BgeM3 SKU - Microsoft Azure

I’ve been told to reach out toe HF Form from Microsoft ML Team regarding SKU Enablement for Bgem3 embedding model

Information attached below on serving specifics:

We would like to enable the following SKUs for the model:
Standard NC4as T4 v3 (NVIDIA T4, 16 GB)
Standard NV6ads A10 v5 (fractional NVIDIA A10, ≈ 12 GB)

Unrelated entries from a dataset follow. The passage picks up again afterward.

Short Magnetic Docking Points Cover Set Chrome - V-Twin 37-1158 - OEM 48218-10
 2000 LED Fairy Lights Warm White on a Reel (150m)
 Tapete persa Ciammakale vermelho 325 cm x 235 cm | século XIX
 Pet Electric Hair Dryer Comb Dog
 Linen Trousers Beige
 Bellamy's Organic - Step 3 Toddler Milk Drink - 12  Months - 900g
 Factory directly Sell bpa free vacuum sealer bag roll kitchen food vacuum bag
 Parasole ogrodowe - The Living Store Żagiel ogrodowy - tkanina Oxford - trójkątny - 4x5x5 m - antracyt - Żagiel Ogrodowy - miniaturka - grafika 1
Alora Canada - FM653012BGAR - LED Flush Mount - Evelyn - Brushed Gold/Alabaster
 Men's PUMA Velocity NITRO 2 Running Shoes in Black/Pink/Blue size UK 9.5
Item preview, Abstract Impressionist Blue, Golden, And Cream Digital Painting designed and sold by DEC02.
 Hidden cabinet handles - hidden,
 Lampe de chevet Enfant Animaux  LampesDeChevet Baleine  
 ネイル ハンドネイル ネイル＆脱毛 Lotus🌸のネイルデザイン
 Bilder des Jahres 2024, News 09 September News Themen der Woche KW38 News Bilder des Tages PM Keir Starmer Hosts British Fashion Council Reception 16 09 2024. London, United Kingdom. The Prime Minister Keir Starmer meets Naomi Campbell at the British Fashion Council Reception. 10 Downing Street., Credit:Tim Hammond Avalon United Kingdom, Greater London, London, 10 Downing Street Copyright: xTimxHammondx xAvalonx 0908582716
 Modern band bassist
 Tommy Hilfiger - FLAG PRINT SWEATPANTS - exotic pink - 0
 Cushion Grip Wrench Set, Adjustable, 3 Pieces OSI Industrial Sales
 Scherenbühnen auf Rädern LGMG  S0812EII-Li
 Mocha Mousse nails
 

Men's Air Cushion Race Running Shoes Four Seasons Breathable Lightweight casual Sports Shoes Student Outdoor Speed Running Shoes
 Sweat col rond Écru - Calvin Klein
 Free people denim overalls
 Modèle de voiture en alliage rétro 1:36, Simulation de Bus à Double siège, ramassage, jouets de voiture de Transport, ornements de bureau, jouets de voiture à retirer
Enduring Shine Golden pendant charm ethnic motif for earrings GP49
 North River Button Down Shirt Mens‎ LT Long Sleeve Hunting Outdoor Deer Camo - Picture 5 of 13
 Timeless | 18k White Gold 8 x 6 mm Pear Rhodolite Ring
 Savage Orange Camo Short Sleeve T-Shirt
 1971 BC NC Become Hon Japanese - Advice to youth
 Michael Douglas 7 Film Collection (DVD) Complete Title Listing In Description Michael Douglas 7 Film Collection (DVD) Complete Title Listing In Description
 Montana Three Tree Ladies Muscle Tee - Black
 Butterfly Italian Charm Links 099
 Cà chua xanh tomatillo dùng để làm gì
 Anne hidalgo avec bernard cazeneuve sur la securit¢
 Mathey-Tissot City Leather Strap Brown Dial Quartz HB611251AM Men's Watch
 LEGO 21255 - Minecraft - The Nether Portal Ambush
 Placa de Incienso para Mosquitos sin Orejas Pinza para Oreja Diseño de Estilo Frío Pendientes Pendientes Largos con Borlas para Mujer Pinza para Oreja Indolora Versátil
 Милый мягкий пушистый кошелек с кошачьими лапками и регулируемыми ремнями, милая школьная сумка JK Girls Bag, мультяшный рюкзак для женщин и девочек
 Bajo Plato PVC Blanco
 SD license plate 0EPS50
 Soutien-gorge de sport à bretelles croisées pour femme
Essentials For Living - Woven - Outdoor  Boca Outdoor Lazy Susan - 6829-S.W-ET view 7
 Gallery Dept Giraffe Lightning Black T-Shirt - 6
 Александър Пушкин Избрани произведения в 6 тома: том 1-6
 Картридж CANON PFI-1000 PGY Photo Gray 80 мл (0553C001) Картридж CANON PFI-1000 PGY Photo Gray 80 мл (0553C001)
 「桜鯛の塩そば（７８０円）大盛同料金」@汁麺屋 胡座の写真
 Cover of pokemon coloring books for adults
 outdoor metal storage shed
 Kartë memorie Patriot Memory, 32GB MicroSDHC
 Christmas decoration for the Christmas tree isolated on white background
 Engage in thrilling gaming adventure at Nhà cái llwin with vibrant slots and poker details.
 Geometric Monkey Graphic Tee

Let me give you more information on this request below:

This BGE model is roughly ~1B parameters. This will take up about 1G of VRAM. Embedding computations can spike the VRAM consumption, but never even close to the A100 specs (Standard_NC24ads_A100_v424 cores, 220GB RAM, 64GB storage). 64 gigs is significantly more than we would need, even with constant inferencing (which isn’t our use case). We prefer partitions of NV-series T4‑based (e.g., Standard_NV12s v3) would suffice as our use case involves <4GB but none of these seem customizable, even an L4 or A10 would be overkill. That is just an additional reason as we wish to pay by inference costs of running this embedding model. However, if you could enable this option potentially for the smaller GPUs, we can proceed via a cost-effective hourly deployment route.

1 Like